THE TASK:
All of the data below must be reproduced word for word, but without its images.

INFORMATION PROVIDED:

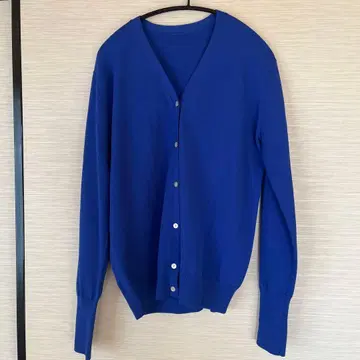 소재 가디건 거의 새상품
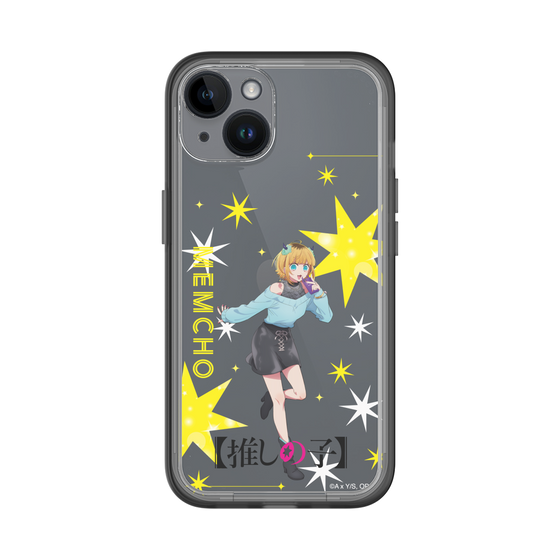 Slim Protection Premium Case［ 【OSHI NO KO】 -  MEMcho - Standing Illustration ］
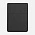Чехол для ноутбука KeepNote, черный_черный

TASK RESULT:
 소재 가디건 거의 새상품
 Slim Protection Premium Case［ 【OSHI NO KO】 -  MEMcho - Standing Illustration ］
Чехол для ноутбука KeepNote, черный_черный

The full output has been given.